The narrative on this page tries to tie together my work in a coherent way. It explains how papers I've written fit together, so you can decide which ones are best for you to read ...
(Alternatively, here's a list of papers and list of abstracts).
In computational linguistics, we use formal techniques to describe and process language. The development cycle is as follows:
If you're new to the area, here are a few outreach papers for a general audience:
Since I'm interested not only in competence grammars, but also in robust techniques for comprehension and acquisition, statistical models form an important part of my repertoire. I tend to think of the world as a big parametric probability distribution.In early 1999 when I went on the job market, I wrote two brief overviews of my work at the time (mainly lexicalized syntax and optimality-theoretic phonology):
Temperamentally I'm more of a mathematician than an engineer. That is not a value judgment about engineering, nor a scientific judgment that human cognition is neat rather than scruffy. It's just a research style. It means that I prefer formalisms and algorithms that are clean enough to be easily communicated, analyzed, and modified. As a result, I tend to focus on fundamental architectures and tools more than incremental improvements in performance. I'm not above engineering tweaks, but I do try to do them in an elegant and general way.
There are many recurring techniques that appear in NLP and more generally in AI. This is true both at the high level of algorithms and at the low level of implementation. You can spend a long time designing, building, and tuning an experimental system, while having the nagging feeling that you've done a lot of this before.
In recent work, my students and I have been trying to build a unified perspective on the techniques that we use in this field. Our Dyna programming language lets you write down models and algorithms at a high level. They are then compiled into efficient C++ code. We have an accompanying library of techniques for learning model parameters.
To design the language, the compiler, and the machine learning library, we have had to embed the various techniques we know into a common framework. This has been fruitful and enlightening work, and we all use the result to get our research done.

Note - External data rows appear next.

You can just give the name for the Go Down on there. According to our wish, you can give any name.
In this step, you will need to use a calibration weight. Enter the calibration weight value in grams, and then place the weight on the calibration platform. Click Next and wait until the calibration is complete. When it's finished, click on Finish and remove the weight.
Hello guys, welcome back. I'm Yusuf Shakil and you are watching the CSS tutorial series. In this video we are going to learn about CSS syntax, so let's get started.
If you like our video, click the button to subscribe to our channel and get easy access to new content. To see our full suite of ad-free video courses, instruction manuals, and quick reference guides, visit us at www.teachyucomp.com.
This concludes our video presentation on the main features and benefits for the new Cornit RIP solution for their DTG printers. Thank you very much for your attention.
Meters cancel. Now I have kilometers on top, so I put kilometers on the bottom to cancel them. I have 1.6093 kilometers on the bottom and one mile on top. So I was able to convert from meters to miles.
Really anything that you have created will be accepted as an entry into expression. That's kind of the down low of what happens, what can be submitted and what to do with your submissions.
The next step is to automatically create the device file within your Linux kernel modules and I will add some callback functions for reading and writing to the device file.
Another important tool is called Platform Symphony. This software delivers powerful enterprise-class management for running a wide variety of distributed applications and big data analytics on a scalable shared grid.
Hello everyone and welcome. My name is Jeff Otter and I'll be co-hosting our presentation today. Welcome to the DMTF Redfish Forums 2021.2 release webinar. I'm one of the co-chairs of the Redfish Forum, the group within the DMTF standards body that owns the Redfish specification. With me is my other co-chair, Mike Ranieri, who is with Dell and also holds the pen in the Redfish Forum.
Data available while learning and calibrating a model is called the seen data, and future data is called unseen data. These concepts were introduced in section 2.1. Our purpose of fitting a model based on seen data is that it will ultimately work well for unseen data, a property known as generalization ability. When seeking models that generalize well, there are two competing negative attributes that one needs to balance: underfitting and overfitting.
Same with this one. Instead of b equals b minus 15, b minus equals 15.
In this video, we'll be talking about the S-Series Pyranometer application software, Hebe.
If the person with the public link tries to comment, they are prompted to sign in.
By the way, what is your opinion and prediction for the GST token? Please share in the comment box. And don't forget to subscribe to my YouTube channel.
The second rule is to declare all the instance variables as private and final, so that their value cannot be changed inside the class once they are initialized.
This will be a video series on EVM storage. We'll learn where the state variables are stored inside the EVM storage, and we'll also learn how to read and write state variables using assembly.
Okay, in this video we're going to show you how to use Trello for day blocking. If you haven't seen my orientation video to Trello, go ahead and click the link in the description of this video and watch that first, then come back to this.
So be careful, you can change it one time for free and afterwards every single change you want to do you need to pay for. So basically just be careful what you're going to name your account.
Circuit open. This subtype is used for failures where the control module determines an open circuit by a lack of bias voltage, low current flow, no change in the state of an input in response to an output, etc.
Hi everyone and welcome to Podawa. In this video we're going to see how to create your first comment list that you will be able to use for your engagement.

My first real parsing research, summers 1989-1992, was a collaboration with Mark A. Jones at AT&T Bell Labs. This was early in the days of probabilistic NLP. The two of us eventually built a probabilistic left-to-right LFG parser, with a hand-built domain grammar and history-based probabilities trained from data. Significantly, our probabilistic parsing model was the first to model word-to-word ("bilexical") selectional preferences between phrase heads, such as eat's preference for hamburger rather than John as its deep object. Two papers reported the state of the work as of 1991:
The bilexical idea ultimately proved to be my most important contribution to that project, and it so dramatically improved performance that it continued to influence my direction. A 1994 comment by Mike Schultz got me curious about dependency grammars. This led to a probabilistic dependency parser that I built for fun in 1994, which was interesting for both its cubic-time algorithm and its bilexical parameterization. Unfortunately I didn't bother to evaluate it on a sufficient volume of training and test data until 1996, spurred by the strong results of my friend and colleague Mike Collins, who was working along similar lines. (At that time our parsers had complementary strengths and comparable results; in 1997 Mike built an even better model by combining the strengths of both, in particular switching to the generative approach that I'd found worked best.) The experimental work was reported in two papers:
In subsequent papers I developed the algorithmic point further. Others had been using O(n5) algorithms for bilexical parsing models, whereas the above papers had found an O(n3) algorithm:
The above algorithms find word-to-word dependencies in order to let the parser evaluate whether the dependencies are plausible. Usually this evaluation considers the two words being linked. But there are other ways to evalute a dependency:
In unrelated work, en route to grad school I devised a normal-form parsing algorithm for Combinatory Categorial Grammar (CCG), whose correctness I proved the following year. Rather than falling prey to "spurious ambiguity" (the bane of CCG), it was guaranteed to find exactly one parse from every semantic equivalence class:
In summer 2002, a team at the Johns Hopkins CLSP Summer Workshop investigated "tree-to-tree" translation (on dependency trees). That is, the training and decoding methods are given parse trees rather than sentences, and pay attention to syntax. My contribution was the formal architecture we used; a number of researchers expressed interest in reading more about it, so I wrote it up as an ACL short paper (4 pp. + a 10-minute talk -- that's all it deserves until the team gets real empirical results).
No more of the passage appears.